1991: First international description of glucose metabolism in individual brain sections in combination with ergometer effort in the Forschungszentrum Jülich.

1999: description of the influence of physical activity on brain function in the elderly in the Forschungszentrum Jülich.

 2008: creator of the term 'Cerebrology' for multidisciplinary brain research.


In Milan, Italian Professor Rodolfo Margaria (1901-1983) started the first school for specialization in sports medicine. From 1950, the Italian government required a preventive study for practicing any sport, both for amateurs and professionals. Competition athletes had to undergo annual preventive screening, including their medical history, a clinical evaluation, urine tests, ECG at rest, stress ECG and lung function tests. This evaluation could only be performed by a certified sports physician, who was legally responsible for the accuracy of this assessment.

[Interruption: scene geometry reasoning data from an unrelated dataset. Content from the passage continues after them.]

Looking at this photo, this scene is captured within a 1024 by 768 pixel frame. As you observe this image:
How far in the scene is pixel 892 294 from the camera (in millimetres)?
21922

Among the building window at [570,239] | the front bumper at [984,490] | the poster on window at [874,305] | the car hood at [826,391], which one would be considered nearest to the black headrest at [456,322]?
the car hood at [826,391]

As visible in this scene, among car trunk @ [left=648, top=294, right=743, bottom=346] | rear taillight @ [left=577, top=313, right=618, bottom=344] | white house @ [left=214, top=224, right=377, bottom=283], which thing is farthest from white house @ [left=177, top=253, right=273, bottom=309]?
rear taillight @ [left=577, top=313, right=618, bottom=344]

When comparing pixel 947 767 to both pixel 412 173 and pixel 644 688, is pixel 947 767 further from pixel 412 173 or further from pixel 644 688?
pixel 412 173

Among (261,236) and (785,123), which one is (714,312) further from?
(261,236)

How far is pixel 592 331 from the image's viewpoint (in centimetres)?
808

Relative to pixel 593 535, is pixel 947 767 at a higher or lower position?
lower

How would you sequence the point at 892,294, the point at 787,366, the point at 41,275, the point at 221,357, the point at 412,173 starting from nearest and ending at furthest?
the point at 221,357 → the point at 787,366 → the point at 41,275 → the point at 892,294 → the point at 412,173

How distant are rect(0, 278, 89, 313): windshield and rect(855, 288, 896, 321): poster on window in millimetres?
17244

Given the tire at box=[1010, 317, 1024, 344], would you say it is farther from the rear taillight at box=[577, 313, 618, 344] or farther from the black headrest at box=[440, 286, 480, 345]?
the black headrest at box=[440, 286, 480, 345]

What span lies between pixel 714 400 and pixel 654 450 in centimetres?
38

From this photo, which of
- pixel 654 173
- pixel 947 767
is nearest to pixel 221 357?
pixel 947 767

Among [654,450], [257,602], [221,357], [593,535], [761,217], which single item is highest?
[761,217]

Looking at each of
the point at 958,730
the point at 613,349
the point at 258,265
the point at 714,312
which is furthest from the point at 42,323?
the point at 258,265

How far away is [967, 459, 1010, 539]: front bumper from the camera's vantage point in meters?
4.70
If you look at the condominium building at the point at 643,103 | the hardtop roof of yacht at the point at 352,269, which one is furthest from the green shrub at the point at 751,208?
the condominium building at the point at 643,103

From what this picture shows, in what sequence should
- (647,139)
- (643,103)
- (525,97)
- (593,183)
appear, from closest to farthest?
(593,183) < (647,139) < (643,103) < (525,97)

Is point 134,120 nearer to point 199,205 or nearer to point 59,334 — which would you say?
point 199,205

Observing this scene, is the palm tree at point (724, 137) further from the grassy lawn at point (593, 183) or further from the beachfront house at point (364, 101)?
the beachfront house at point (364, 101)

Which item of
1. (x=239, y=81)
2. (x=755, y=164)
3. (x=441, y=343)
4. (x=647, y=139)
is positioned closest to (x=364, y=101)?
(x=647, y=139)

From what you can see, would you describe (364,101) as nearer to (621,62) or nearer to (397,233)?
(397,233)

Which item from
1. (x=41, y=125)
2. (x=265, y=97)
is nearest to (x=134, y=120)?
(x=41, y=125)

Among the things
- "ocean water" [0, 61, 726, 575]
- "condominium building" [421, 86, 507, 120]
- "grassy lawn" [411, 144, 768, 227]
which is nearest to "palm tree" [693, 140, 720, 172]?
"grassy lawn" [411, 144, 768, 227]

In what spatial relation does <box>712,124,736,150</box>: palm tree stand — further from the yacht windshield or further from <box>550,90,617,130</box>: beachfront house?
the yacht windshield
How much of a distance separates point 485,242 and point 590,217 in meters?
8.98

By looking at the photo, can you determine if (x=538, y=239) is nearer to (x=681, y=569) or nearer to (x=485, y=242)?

The governments of Denmark, Finland, Norway and Sweden launched the proposal to include sports medicine in the World Health Organization program.


On the initiative of English lawyer Peter Sebastian, The Institute of Sport and Exercise Medicine was founded in London long before the official recogntion of this specialty.

New Zealand surgeon and army physician Sir Arthur Porritt (1900-1994), who won the bronze medal of the 100m at the 1924 Olympics in Paris, was appointed as first chairman.


Following the 25th anniversary of sports medicine, the Romanian post issued 2,000,000 stamps.